VACANCES D’ÉTÉ | Le tourisme espagnol, face au meilleur été de sa vie

VACANCES DETE Le tourisme espagnol face au meilleur ete

Le secteur touristique espagnol se prépare, stupéfait, à une saison estivale sans précédent. Oui ok à l’échelle mondiale, aucune reprise n’est attendue Des chiffres enregistrés avant la pandémie jusqu’en 2024 ou 2025, les pays méditerranéens du sud de l’Europe se détachent. Ils ont déjà dépassé de 1% les valeurs de 2019, selon les données de l’Organisation mondiale du tourisme (OMT), l’agence onusienne dédiée au secteur. Les voyageurs font ainsi face, sans trop de réticence, un été qui s’annonce le plus cher de l’histoire.

Le niveau d’activité a déjà surpris les professionnels du secteur à Pâques. L’Espagne a accueilli 7,2 millions de touristes en avril, soit 18,5 % de plus qu’en 2022. Le prix moyen par chambre d’hôtel a dépassé les 100 euros. Et les visiteurs internationaux ont dépensé 8 480 millions, soit 22,7 % de plus qu’en 2022 et 20,1 % de plus qu’en 2019.

Inflation, guerre, salaires

Toutes les prévisions suggèrent que cette croissance se reproduira durant les mois les plus forts de la saison estivale. Elle le fera malgré une économie toujours touchée par la pandémie et une inflation mondiale toujours galopante qui persiste à rendre tout plus cher – y compris les vols, l’hébergement et les services touristiques. Malgré, en plus de continuer à assister à une guerre au cœur de l’Europe et qu’en 2022 les salaires espagnols ont subi la plus grande perte de pouvoir d’achat depuis 1985. Pourtant, personne ne semble pouvoir résister à vivre des vacances de rêve.

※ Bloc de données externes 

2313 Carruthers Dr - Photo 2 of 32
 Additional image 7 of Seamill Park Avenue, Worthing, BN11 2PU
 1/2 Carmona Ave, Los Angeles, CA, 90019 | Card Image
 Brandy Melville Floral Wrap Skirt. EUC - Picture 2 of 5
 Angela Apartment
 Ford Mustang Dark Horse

Comment est-il alors possible que les voyages décollent avec une telle intensité ? Il n’y a pas de réponse claire, même si les experts s’accordent à dire que cela fait partie de l’effet rebond produit par la crise sanitaire : tant de mois de confinement, d’économies et de fantasmes sur cette escapade qui, désormais, peut enfin se réaliser. Une confirmation à part entière du tempus fugit, qui a suscité une envie collective et irrésistible de sortir et d’explorer.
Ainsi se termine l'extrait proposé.